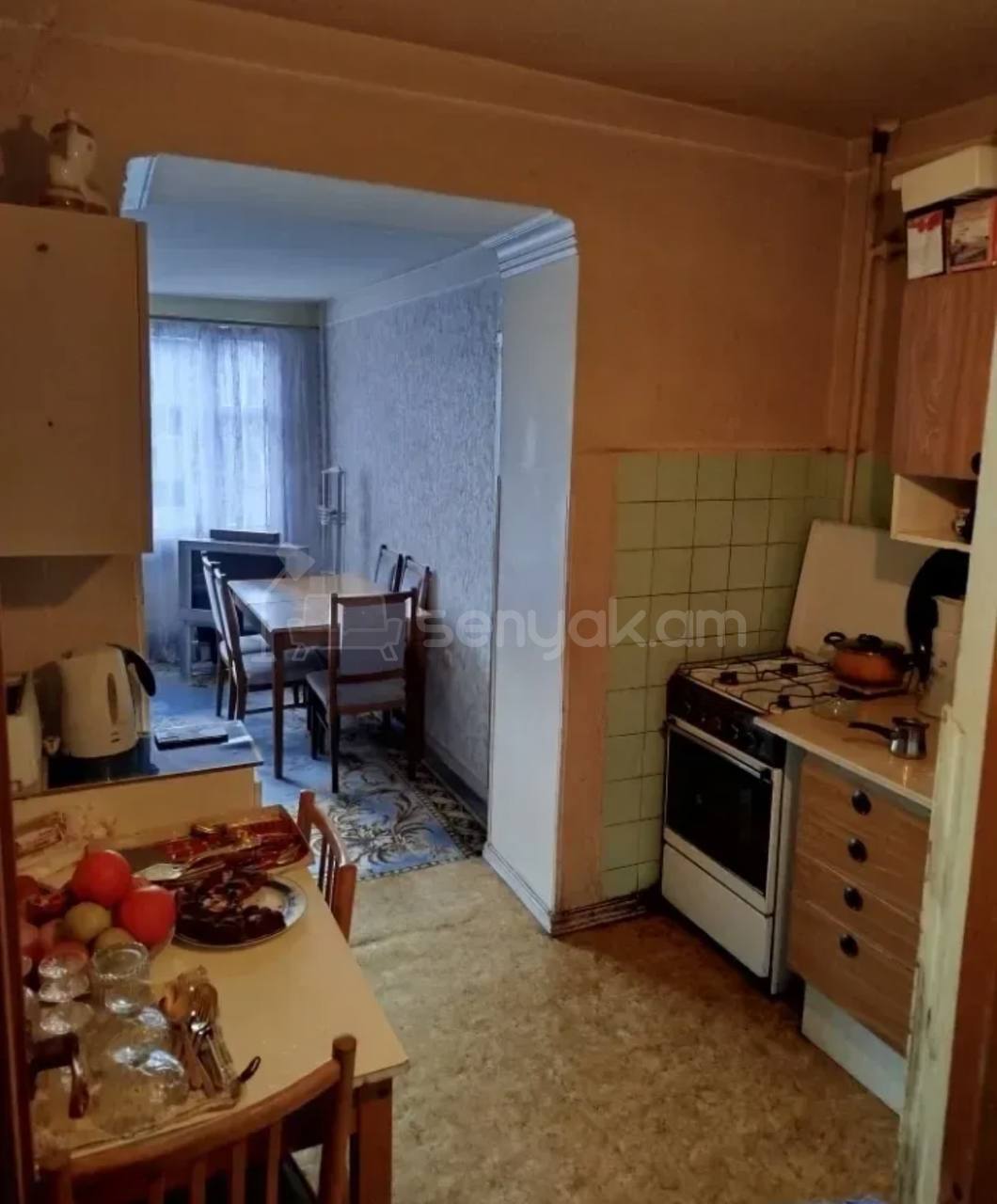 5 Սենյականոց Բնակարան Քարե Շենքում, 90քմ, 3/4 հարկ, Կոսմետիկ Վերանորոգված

---

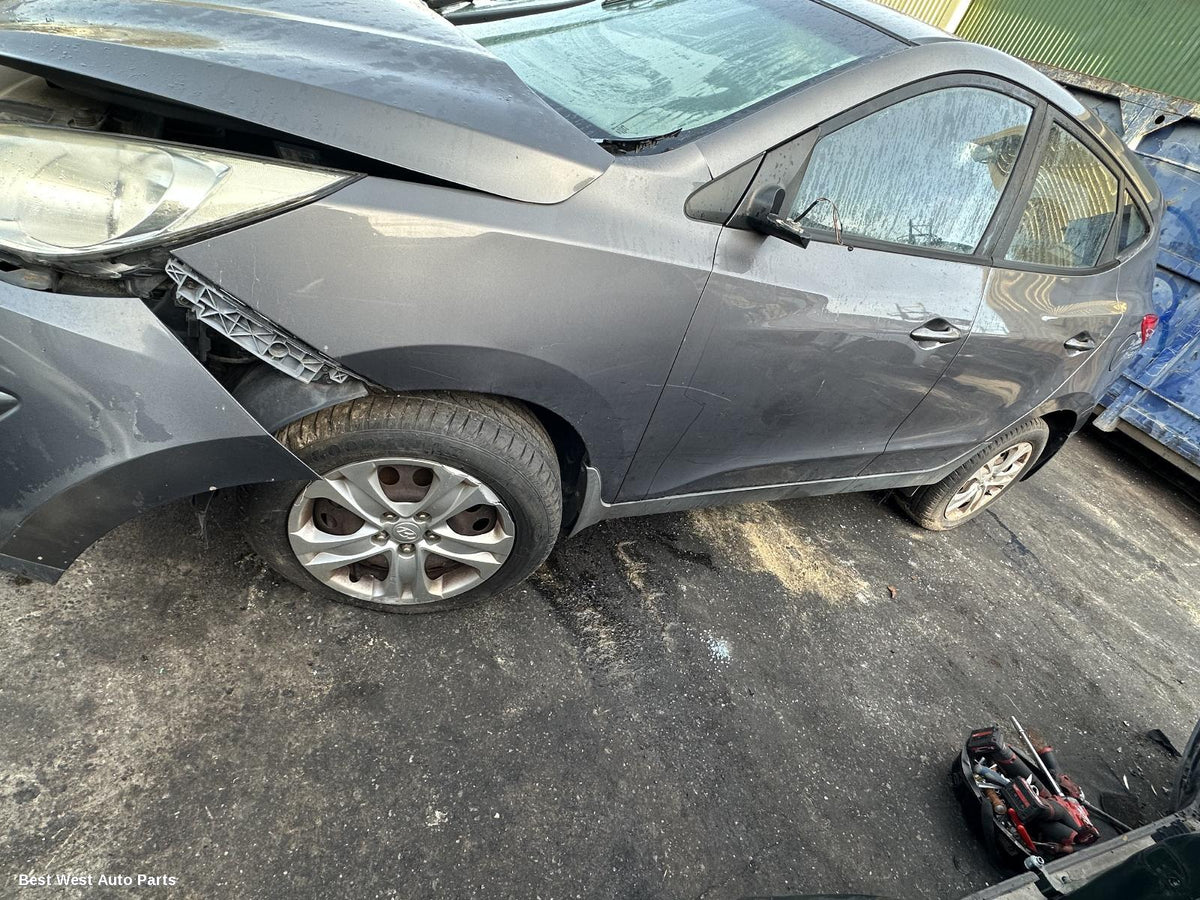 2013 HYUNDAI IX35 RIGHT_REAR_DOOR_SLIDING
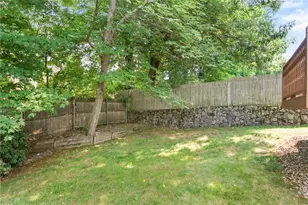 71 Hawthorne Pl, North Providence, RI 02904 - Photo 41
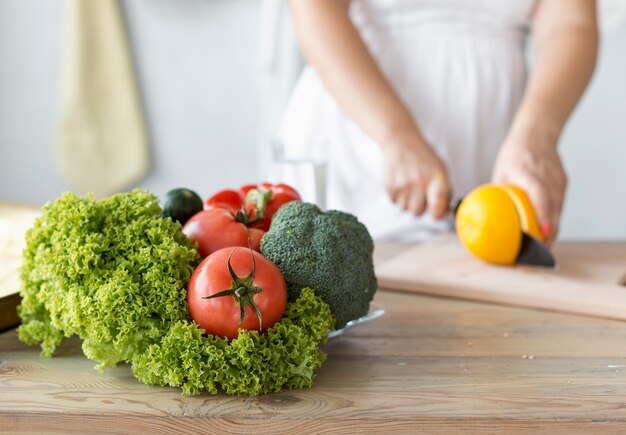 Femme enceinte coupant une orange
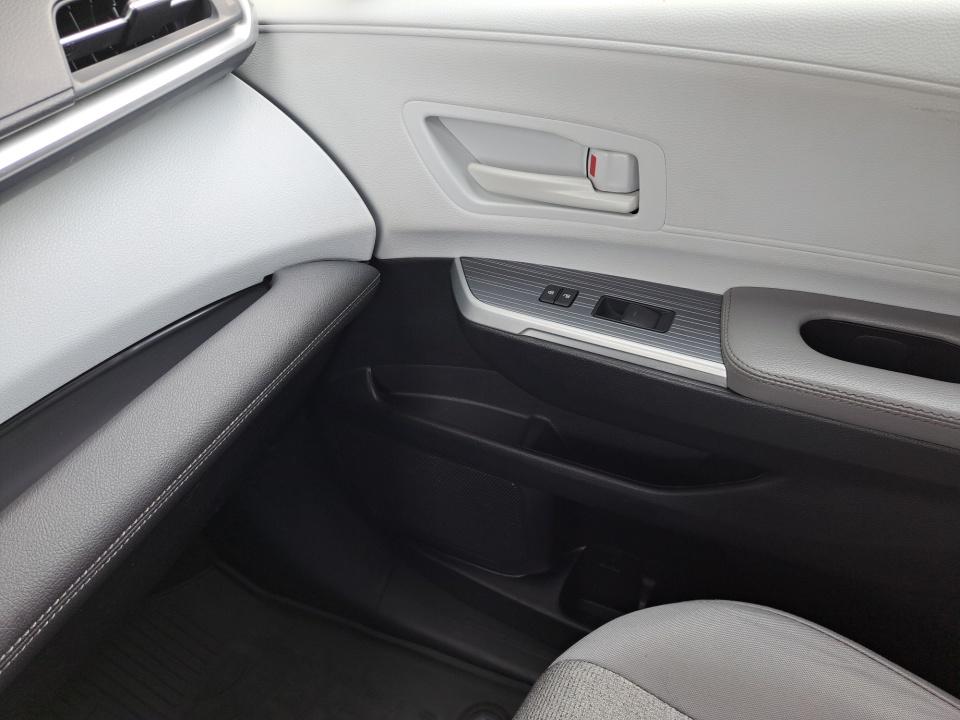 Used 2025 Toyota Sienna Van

* EXERCISE DESCRIPTION *
Give back exactly, and solely, the section of the data above bounded by the line containing "2013 HYUNDAI IX35 RIGHT_REAR_DOOR_SLIDING" and the line containing "Used 2025 Toyota Sienna Van", both bounding lines included and pictures omitted.

* RESPONSE AREA *
 2013 HYUNDAI IX35 RIGHT_REAR_DOOR_SLIDING
 71 Hawthorne Pl, North Providence, RI 02904 - Photo 41
 Femme enceinte coupant une orange
 Used 2025 Toyota Sienna Van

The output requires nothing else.